**Requirement**. Return the following from the records below: each line, word for word, starting with the line that contains "Standard Ignition TBC602" and going on through the line that contains "1491 Dowis Chapel Rd, Woodbine, KY 40771", with nothing outside that range.

**Records supplied**.

.....

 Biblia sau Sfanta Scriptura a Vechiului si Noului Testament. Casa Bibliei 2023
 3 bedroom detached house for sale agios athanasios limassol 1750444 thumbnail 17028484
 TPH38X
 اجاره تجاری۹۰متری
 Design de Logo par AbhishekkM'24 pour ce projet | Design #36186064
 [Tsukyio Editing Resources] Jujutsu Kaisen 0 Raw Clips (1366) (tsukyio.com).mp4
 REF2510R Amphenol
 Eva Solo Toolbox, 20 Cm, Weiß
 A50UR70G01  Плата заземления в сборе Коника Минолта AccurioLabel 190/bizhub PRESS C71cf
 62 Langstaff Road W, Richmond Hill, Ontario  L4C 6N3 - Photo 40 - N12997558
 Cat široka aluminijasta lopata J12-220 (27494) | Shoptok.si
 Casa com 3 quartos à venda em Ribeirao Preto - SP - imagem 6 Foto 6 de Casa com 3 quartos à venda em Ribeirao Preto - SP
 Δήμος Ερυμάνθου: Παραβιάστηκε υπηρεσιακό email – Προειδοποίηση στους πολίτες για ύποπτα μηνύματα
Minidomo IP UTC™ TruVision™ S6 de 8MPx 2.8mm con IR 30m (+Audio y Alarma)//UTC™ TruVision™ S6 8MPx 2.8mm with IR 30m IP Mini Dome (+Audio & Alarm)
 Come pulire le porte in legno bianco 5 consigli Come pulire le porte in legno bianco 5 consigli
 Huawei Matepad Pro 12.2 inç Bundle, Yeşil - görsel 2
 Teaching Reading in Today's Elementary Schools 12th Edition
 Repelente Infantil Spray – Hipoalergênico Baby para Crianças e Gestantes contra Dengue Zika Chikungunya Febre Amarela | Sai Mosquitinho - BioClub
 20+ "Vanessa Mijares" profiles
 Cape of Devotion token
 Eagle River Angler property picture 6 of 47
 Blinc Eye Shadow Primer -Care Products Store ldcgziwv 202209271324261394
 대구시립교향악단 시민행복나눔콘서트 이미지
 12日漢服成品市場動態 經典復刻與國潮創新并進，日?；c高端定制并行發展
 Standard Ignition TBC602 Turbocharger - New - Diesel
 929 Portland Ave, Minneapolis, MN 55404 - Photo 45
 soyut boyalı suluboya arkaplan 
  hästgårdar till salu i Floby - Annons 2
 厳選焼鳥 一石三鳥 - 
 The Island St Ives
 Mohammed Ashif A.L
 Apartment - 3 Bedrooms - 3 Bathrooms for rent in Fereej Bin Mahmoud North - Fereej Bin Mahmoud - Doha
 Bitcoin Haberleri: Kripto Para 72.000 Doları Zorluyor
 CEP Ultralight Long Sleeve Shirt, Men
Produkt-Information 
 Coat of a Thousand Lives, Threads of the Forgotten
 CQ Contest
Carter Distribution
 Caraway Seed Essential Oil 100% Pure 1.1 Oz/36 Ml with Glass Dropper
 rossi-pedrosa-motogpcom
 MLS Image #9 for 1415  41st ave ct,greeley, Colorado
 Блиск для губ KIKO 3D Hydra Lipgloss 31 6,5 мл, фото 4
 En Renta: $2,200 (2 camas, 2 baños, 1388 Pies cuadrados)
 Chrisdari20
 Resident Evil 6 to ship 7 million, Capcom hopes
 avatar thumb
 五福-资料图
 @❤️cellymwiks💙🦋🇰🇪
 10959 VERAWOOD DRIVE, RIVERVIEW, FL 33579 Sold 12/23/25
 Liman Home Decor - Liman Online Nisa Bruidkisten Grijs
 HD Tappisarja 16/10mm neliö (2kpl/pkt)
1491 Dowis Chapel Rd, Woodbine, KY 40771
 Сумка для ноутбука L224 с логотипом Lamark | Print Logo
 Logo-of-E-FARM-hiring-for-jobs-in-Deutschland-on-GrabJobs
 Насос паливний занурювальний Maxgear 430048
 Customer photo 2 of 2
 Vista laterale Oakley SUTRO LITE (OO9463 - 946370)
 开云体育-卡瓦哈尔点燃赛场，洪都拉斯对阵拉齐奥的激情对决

.....

**Answer area**.
 Standard Ignition TBC602 Turbocharger - New - Diesel
 929 Portland Ave, Minneapolis, MN 55404 - Photo 45
 soyut boyalı suluboya arkaplan 
  hästgårdar till salu i Floby - Annons 2
 厳選焼鳥 一石三鳥 - 
 The Island St Ives
 Mohammed Ashif A.L
 Apartment - 3 Bedrooms - 3 Bathrooms for rent in Fereej Bin Mahmoud North - Fereej Bin Mahmoud - Doha
 Bitcoin Haberleri: Kripto Para 72.000 Doları Zorluyor
 CEP Ultralight Long Sleeve Shirt, Men
Produkt-Information 
 Coat of a Thousand Lives, Threads of the Forgotten
 CQ Contest
Carter Distribution
 Caraway Seed Essential Oil 100% Pure 1.1 Oz/36 Ml with Glass Dropper
 rossi-pedrosa-motogpcom
 MLS Image #9 for 1415  41st ave ct,greeley, Colorado
 Блиск для губ KIKO 3D Hydra Lipgloss 31 6,5 мл, фото 4
 En Renta: $2,200 (2 camas, 2 baños, 1388 Pies cuadrados)
 Chrisdari20
 Resident Evil 6 to ship 7 million, Capcom hopes
 avatar thumb
 五福-资料图
 @❤️cellymwiks💙🦋🇰🇪
 10959 VERAWOOD DRIVE, RIVERVIEW, FL 33579 Sold 12/23/25
 Liman Home Decor - Liman Online Nisa Bruidkisten Grijs
 HD Tappisarja 16/10mm neliö (2kpl/pkt)
1491 Dowis Chapel Rd, Woodbine, KY 40771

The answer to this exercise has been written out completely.